摘要:
Shuffle是MapReduce编程模型中最耗时的一个步骤,而Spark将Shuffle过程分解成了Shuffle Write和Shuffle Read两个过程,本文我们将详细解读Spark的Shuffle Write实现。
ShuffleWriter
Spark Shuffle Write的接口是org.apache.spark.shuffle.ShuffleWriter
我们来看下接口定义:
private[spark] abstract class ShuffleWriter[K, V] {
/** Write a sequence of records to this task's output */
@throws[IOException]
def write(records: Iterator[Product2[K, V]]): Unit
/** Close this writer, passing along whether the map completed */
def stop(success: Boolean): Option[MapStatus]
}
共有三个实现类:
Shuffle Writer的实现类
BypassMergeSortShuffleWriter
我们以第一个stage(map)的个数为m个来计算,第二个stage个数为r个来计算
BypassMergeSortShuffleWriter可以分为
1.为每个
ShuffleMapTask(即map端的每个partition,每个ShuffleMapTask处理的是map端的一个partition)创建r个临时文件
2.迭代每个map的partition,根据getPartition(key)来分组,并写入对应的partitionId的文件
3.合并步骤2产生的r个文件,并将每个partitionId对应的索引写入index文件
BypassMergeSortShuffleWriter流程图
关键代码解读
public void write(Iterator<Product2<K, V>> records) throws IOException {
...
// 根据下游stage(reduce端)的partition个数创建对应个数的DiskWriter
partitionWriters = new DiskBlockObjectWriter[numPartitions];
partitionWriterSegments = new FileSegment[numPartitions];
for (int i = 0; i < numPartitions; i++) {
final Tuple2<TempShuffleBlockId, File> tempShuffleBlockIdPlusFile =
blockManager.diskBlockManager().createTempShuffleBlock();
final File file = tempShuffleBlockIdPlusFile._2();
final BlockId blockId = tempShuffleBlockIdPlusFile._1();
partitionWriters[i] =
blockManager.getDiskWriter(blockId, file, serInstance, fileBufferSize, writeMetrics);
}
// 根据`getPartition(key)`获取kv所属的reduce的partitionId,并将kv写入对应的partitionId的临时文件
while (records.hasNext()) {
final Product2<K, V> record = records.next();
final K key = record._1();
partitionWriters[partitioner.getPartition(key)].write(key, record._2());
}
for (int i = 0; i < numPartitions; i++) {
final DiskBlockObjectWriter writer = partitionWriters[i];
partitionWriterSegments[i] = writer.commitAndGet();
writer.close();
}
File output = shuffleBlockResolver.getDataFile(shuffleId, mapId);
File tmp = Utils.tempFileWith(output);
try {
// 合并多个partitionId对应的临时文件,写入`shuffle_${shuffleId}_${mapId}_${reduceId}.data`文件
partitionLengths = writePartitionedFile(tmp);
// 将多个partitionId对应的index写入`shuffle_${shuffleId}_${mapId}_${reduceId}.index`文件
shuffleBlockResolver.writeIndexFileAndCommit(shuffleId, mapId, partitionLengths, tmp);
}
mapStatus = MapStatus$.MODULE$.apply(blockManager.shuffleServerId(), partitionLengths);
}
1.默认的
Partitioner的实现类为HashPartitioner
2.默认的SerializerInstance的实现类为JavaSerializerInstance
FileSegment
一个BypassMergeSortShuffleWriter的中间临时文件称之为FileSegment
class FileSegment(val file: File, val offset: Long, val length: Long)
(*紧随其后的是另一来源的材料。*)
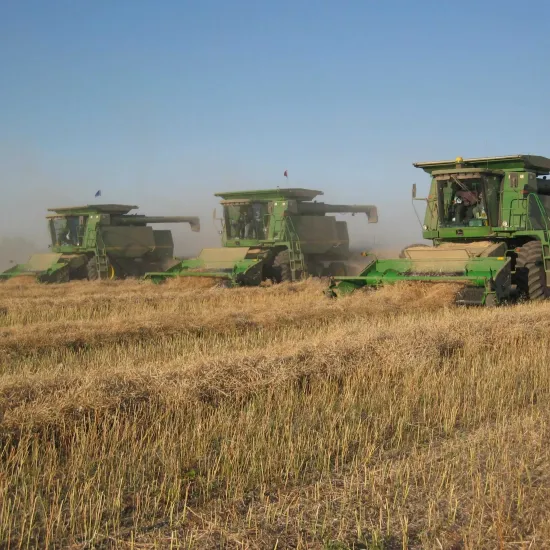 Three green John Deere combine harvesters driving through a golden wheat field under a clear blue sky.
file记录物理文件,length记录文件大小,用于合并多个FileSegment时写index文件。
我们再看下合并临时文件方法writePartitionedFile的实现:
private long[] writePartitionedFile(File outputFile) throws IOException {
final long[] lengths = new long[numPartitions];
...
final FileChannel out = FileChannel.open(outputFile.toPath(), WRITE, APPEND, CREATE);
for (int i = 0; i < numPartitions; i++) {
final File file = partitionWriterSegments[i].file();
if (file.exists()) {
final FileChannel in = FileChannel.open(file.toPath(), READ);
try {
long size = in.size();
// 合并文件的关键代码,通过NIO的transferTo提高合并文件流的效率
Utils.copyFileStreamNIO(in, out, 0, size);
lengths[i] = size;
}
}
}
}
partitionWriters = null;
// 返回每个临时文件大小,用于写Index文件
return lengths;
}
写index文件的方法writeIndexFileAndCommit:
def writeIndexFileAndCommit(
shuffleId: Int,
mapId: Int,
lengths: Array[Long],
dataTmp: File): Unit = {
val indexFile = getIndexFile(shuffleId, mapId)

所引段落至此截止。